• [Work required]: Only one stretch of the records below should be repeated. It starts with the line containing "تولید سالیانه ۴۲۰۰ تن گل محمدی در لرستان" and goes on through the line containing "Flamingos in der", exactly as written.

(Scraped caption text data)
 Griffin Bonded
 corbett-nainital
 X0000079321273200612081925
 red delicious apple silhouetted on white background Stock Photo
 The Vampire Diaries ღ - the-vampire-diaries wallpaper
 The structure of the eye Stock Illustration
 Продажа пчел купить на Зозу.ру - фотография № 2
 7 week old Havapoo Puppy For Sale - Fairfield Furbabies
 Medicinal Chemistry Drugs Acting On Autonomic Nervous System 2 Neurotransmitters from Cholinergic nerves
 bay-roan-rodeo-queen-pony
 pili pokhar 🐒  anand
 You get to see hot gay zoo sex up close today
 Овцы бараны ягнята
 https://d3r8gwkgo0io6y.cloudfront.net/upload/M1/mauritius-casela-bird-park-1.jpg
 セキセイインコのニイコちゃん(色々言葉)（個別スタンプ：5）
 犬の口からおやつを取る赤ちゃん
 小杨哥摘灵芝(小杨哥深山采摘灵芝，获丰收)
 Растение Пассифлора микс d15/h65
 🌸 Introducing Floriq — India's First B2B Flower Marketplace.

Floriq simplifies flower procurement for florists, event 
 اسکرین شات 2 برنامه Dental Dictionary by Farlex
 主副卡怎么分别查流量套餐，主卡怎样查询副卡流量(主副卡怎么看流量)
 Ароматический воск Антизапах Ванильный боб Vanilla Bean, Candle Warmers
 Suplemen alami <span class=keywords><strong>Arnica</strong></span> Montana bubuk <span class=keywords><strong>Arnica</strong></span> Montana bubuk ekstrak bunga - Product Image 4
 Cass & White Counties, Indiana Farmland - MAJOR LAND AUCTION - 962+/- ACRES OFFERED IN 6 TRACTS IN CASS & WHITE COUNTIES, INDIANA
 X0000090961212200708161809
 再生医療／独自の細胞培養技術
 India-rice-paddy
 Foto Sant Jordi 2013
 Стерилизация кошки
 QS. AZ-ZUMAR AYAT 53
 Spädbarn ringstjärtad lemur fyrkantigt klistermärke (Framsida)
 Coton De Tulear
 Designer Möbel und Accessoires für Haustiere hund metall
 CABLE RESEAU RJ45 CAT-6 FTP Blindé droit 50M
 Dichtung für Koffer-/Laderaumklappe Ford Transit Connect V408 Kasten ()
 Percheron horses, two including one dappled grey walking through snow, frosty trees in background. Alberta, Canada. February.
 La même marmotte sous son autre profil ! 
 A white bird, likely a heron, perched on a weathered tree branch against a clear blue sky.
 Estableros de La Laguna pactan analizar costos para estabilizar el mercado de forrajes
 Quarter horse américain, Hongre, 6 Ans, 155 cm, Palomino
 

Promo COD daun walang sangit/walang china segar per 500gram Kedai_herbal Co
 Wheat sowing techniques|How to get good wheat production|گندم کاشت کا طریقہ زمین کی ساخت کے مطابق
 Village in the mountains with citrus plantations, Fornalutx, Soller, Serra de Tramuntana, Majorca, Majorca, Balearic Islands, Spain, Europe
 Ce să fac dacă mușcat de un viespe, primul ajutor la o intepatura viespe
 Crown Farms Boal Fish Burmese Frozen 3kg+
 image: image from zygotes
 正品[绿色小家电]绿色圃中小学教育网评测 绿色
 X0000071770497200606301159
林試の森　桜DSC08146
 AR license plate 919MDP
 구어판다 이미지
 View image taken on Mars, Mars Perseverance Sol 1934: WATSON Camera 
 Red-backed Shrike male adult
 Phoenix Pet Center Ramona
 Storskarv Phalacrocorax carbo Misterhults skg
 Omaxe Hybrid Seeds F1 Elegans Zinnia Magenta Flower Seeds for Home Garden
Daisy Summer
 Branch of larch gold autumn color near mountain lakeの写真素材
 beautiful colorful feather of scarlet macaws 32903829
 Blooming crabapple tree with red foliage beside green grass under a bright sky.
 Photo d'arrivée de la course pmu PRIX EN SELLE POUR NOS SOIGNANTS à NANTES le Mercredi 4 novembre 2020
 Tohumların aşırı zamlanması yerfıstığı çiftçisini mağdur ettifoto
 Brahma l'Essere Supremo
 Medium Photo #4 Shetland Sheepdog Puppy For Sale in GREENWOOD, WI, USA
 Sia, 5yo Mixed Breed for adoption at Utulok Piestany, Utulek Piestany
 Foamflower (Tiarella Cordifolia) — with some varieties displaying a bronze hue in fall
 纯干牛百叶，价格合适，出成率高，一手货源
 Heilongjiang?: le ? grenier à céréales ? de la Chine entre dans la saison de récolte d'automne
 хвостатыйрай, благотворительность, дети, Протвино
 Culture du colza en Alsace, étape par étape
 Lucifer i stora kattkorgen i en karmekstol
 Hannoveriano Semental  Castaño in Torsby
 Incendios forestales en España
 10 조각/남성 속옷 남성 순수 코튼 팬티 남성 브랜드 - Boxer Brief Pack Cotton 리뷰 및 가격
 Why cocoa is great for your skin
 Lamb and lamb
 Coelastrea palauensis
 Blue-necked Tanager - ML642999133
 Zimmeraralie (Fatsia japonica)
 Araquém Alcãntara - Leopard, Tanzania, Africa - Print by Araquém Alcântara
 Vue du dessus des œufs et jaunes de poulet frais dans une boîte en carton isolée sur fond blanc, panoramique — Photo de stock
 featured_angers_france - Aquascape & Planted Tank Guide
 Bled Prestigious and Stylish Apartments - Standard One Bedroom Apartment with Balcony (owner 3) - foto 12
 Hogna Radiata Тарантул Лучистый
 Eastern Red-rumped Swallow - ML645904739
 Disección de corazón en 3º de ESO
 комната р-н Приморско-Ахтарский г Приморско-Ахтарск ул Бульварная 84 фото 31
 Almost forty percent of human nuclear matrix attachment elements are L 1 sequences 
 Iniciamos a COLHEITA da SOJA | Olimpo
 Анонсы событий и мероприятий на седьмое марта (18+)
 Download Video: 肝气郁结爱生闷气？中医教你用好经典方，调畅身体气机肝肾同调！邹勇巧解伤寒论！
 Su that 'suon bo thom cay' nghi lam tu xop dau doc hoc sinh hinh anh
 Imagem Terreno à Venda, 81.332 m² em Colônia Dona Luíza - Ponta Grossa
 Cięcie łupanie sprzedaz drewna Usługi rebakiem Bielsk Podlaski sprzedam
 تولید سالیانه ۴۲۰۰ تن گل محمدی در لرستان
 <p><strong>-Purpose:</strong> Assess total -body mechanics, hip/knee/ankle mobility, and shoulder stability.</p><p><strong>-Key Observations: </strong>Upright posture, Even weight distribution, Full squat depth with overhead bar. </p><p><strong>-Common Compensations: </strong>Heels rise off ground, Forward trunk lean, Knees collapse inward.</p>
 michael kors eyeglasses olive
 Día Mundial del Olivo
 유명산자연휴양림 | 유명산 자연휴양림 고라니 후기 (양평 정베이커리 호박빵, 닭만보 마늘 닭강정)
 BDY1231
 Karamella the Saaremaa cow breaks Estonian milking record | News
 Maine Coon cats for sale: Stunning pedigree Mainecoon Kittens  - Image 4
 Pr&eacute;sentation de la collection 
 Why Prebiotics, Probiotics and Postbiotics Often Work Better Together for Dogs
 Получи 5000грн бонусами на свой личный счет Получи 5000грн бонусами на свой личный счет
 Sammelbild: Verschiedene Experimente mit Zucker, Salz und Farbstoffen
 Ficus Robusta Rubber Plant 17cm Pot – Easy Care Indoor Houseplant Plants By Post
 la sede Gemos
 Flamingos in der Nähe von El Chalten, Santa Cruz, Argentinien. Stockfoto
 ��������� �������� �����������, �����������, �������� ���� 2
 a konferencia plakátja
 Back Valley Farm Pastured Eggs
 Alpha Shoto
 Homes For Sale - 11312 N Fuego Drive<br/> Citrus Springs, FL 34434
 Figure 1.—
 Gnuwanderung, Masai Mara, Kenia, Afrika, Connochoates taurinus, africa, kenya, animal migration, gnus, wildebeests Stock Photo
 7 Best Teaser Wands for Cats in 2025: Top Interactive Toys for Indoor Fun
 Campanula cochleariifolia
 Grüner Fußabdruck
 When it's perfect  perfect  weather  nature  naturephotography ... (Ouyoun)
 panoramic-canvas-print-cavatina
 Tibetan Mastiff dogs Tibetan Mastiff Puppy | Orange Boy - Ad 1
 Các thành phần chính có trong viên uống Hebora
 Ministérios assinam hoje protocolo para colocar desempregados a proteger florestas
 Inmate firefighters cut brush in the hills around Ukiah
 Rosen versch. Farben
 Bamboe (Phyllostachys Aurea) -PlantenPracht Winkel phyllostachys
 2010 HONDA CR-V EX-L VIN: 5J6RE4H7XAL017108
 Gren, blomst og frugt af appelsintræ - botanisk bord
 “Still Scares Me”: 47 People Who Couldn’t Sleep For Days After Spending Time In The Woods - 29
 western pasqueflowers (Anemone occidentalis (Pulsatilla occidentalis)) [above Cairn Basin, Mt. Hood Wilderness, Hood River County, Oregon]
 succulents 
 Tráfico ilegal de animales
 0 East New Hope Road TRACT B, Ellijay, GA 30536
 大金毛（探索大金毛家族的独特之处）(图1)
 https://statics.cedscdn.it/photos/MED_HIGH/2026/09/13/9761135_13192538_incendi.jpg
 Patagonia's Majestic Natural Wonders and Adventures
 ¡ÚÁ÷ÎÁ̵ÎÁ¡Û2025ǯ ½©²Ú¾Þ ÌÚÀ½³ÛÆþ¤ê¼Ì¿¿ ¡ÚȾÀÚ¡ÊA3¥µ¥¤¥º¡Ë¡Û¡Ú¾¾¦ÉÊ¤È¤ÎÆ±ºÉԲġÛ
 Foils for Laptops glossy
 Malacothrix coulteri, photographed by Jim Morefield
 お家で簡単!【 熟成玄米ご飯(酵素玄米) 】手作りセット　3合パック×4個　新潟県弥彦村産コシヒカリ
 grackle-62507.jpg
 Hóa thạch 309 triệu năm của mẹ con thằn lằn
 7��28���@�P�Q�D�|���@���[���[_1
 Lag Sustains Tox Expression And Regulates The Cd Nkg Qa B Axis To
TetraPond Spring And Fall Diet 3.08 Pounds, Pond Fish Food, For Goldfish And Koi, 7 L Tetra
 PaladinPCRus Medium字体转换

• [Result of this task]:
 تولید سالیانه ۴۲۰۰ تن گل محمدی در لرستان
 <p><strong>-Purpose:</strong> Assess total -body mechanics, hip/knee/ankle mobility, and shoulder stability.</p><p><strong>-Key Observations: </strong>Upright posture, Even weight distribution, Full squat depth with overhead bar. </p><p><strong>-Common Compensations: </strong>Heels rise off ground, Forward trunk lean, Knees collapse inward.</p>
 michael kors eyeglasses olive
 Día Mundial del Olivo
 유명산자연휴양림 | 유명산 자연휴양림 고라니 후기 (양평 정베이커리 호박빵, 닭만보 마늘 닭강정)
 BDY1231
 Karamella the Saaremaa cow breaks Estonian milking record | News
 Maine Coon cats for sale: Stunning pedigree Mainecoon Kittens  - Image 4
 Pr&eacute;sentation de la collection 
 Why Prebiotics, Probiotics and Postbiotics Often Work Better Together for Dogs
 Получи 5000грн бонусами на свой личный счет Получи 5000грн бонусами на свой личный счет
 Sammelbild: Verschiedene Experimente mit Zucker, Salz und Farbstoffen
 Ficus Robusta Rubber Plant 17cm Pot – Easy Care Indoor Houseplant Plants By Post
 la sede Gemos
 Flamingos in der Nähe von El Chalten, Santa Cruz, Argentinien. Stockfoto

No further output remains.